UNPAID carers across Wales can now apply for a special one-off payment of £500 in recognition of their "pivotal role throughout the pandemic".

The Welsh Government said unpaid carers who were receiving Carer’s Allowance on March 31 this year will be eligible for the payment.

The scheme was launched to recognise the increased financial pressures many unpaid carers have experienced during the pandemic, and to help with some of the additional costs they have incurred. 

The payment is targeted towards people who care for someone for at least 35 hours a week and have low incomes.

To check your eligibility and apply for the special payment, unpaid carers can visit their local council website.

Announcing the scheme earlier this year, Julie Morgan, the Welsh Government's deputy minister for social services, said: "Unpaid carers have played a pivotal role throughout the pandemic and we recognise the financial and emotional hardships they have experienced.

"I hope this £500 payment will go some way to supporting them during these difficult times."

A survey of more than 1,500 unpaid carers found nearly half had to use their personal savings and give up work or study to care during the pandemic, while more than half had to give up on hobbies or personal interests because of their caring role.

Combined with the cost of living crisis - and the fact many of those in an unpaid carer role will be caring for individuals with complex needs who require warm homes, specialist medical equipment and certain foods - the Welsh Government said unpaid carers would end up being exposed to greater financial pressures than other people.

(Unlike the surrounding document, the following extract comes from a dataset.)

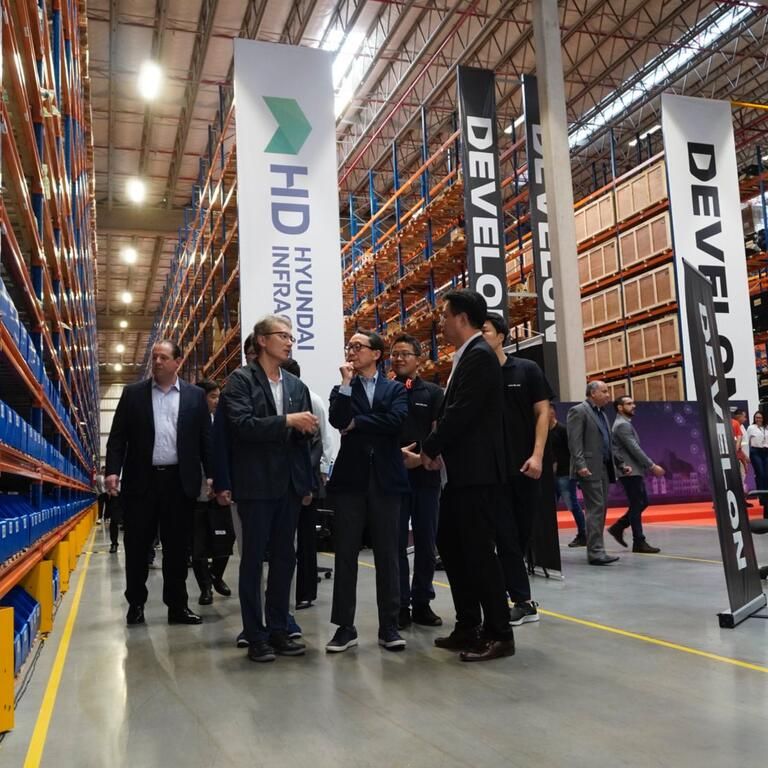 entro de Distribuição de Peças da Hyundai Develon em Jundiaí, Brasil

The scheme has been welcomed by carers' organisations, including Kate Young, who chairs the Wales Carers Alliance and is director of the All Wales Forum of Parents and Carers.

She called the payment "a positive step towards recognising the unwavering care and support unpaid carers have always given, and will continue to give, especially considering the extra challenges so many families have faced during the pandemic".

Simon Hatch, director of Carers Trust Wales, called the scheme "a first step towards addressing some of the concerns we’ve heard from unpaid carers... about their daily struggles to make ends meet".

And Clare Morgan, the director of Carers Wales, said unpaid carers were "the vital third pillar of our health and social care system in Wales and took on unknowing amounts of stress and responsibility during the pandemic".